_ACTIVITY:_
For the entries below, the expected answer is the line with "Horse 2 Black", the line with "Comoda Luiza, culoare alb, 69 x 71 x 40 cm", and every line between them, exactly as written, and nothing more.

================================

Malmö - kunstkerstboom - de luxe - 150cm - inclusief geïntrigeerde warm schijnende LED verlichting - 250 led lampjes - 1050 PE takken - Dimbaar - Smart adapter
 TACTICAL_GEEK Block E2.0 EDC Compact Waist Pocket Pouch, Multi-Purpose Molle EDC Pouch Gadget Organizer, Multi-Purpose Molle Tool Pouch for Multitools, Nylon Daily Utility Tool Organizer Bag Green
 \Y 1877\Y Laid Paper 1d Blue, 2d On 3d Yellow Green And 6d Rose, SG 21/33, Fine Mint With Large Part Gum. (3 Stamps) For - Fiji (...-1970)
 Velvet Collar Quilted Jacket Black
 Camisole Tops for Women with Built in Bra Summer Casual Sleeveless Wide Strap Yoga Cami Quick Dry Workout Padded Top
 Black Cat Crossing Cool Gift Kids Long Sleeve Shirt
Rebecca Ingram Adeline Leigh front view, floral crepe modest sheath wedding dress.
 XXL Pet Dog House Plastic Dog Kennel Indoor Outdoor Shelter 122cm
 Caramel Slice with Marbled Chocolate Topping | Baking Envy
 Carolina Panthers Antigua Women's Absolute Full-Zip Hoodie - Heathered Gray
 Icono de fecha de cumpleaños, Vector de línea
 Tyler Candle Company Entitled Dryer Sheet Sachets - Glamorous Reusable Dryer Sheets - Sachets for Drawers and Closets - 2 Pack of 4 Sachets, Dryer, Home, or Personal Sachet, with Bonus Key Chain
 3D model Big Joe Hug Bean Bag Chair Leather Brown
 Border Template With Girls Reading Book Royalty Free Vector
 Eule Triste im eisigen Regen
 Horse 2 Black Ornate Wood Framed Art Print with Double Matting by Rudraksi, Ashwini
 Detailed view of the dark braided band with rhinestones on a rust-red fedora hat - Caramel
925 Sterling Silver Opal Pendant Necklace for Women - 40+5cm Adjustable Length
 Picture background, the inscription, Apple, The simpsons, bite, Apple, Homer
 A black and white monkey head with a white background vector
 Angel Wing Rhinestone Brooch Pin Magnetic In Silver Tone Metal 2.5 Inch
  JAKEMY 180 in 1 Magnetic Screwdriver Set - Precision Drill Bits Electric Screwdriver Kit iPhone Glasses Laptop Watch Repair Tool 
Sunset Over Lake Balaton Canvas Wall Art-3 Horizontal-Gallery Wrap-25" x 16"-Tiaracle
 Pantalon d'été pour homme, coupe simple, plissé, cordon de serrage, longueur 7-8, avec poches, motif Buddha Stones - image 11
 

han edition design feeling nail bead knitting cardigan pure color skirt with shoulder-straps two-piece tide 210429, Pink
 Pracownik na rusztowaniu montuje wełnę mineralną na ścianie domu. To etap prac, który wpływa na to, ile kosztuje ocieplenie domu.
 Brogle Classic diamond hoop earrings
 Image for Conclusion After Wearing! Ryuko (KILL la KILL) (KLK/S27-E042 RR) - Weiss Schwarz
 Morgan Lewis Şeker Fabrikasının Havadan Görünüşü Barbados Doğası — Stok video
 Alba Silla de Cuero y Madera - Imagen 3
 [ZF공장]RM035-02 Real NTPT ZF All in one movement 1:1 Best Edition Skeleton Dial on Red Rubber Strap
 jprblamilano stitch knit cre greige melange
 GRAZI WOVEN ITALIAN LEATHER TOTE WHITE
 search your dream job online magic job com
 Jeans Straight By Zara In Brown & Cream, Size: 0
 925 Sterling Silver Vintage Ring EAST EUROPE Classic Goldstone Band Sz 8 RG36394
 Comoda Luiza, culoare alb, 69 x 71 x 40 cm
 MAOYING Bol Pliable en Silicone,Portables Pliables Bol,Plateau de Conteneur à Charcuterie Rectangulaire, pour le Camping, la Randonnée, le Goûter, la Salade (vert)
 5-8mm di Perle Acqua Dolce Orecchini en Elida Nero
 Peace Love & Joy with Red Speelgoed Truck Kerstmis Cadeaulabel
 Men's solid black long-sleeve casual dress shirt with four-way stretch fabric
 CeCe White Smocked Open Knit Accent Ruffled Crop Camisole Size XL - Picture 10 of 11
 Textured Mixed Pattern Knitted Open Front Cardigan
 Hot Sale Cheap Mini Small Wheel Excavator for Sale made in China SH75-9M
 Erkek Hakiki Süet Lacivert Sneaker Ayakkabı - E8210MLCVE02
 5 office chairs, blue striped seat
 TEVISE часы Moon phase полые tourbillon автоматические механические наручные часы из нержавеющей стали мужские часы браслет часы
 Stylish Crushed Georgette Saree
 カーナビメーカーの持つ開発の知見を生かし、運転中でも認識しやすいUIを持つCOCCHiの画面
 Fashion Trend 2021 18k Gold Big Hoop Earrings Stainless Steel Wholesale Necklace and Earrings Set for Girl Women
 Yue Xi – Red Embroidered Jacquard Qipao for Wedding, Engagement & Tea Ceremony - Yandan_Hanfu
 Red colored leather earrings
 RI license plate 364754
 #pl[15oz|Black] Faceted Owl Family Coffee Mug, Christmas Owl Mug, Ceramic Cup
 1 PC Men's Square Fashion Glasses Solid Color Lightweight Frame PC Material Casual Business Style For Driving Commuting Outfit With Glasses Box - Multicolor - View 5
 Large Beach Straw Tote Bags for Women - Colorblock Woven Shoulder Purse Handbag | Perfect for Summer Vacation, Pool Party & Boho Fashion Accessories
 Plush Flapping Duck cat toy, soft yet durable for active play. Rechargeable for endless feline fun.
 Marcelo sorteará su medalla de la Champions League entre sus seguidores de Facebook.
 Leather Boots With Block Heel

================================

_TASK SOLUTION:_
 Horse 2 Black Ornate Wood Framed Art Print with Double Matting by Rudraksi, Ashwini
 Detailed view of the dark braided band with rhinestones on a rust-red fedora hat - Caramel
925 Sterling Silver Opal Pendant Necklace for Women - 40+5cm Adjustable Length
 Picture background, the inscription, Apple, The simpsons, bite, Apple, Homer
 A black and white monkey head with a white background vector
 Angel Wing Rhinestone Brooch Pin Magnetic In Silver Tone Metal 2.5 Inch
  JAKEMY 180 in 1 Magnetic Screwdriver Set - Precision Drill Bits Electric Screwdriver Kit iPhone Glasses Laptop Watch Repair Tool 
Sunset Over Lake Balaton Canvas Wall Art-3 Horizontal-Gallery Wrap-25" x 16"-Tiaracle
 Pantalon d'été pour homme, coupe simple, plissé, cordon de serrage, longueur 7-8, avec poches, motif Buddha Stones - image 11
 

han edition design feeling nail bead knitting cardigan pure color skirt with shoulder-straps two-piece tide 210429, Pink
 Pracownik na rusztowaniu montuje wełnę mineralną na ścianie domu. To etap prac, który wpływa na to, ile kosztuje ocieplenie domu.
 Brogle Classic diamond hoop earrings
 Image for Conclusion After Wearing! Ryuko (KILL la KILL) (KLK/S27-E042 RR) - Weiss Schwarz
 Morgan Lewis Şeker Fabrikasının Havadan Görünüşü Barbados Doğası — Stok video
 Alba Silla de Cuero y Madera - Imagen 3
 [ZF공장]RM035-02 Real NTPT ZF All in one movement 1:1 Best Edition Skeleton Dial on Red Rubber Strap
 jprblamilano stitch knit cre greige melange
 GRAZI WOVEN ITALIAN LEATHER TOTE WHITE
 search your dream job online magic job com
 Jeans Straight By Zara In Brown & Cream, Size: 0
 925 Sterling Silver Vintage Ring EAST EUROPE Classic Goldstone Band Sz 8 RG36394
 Comoda Luiza, culoare alb, 69 x 71 x 40 cm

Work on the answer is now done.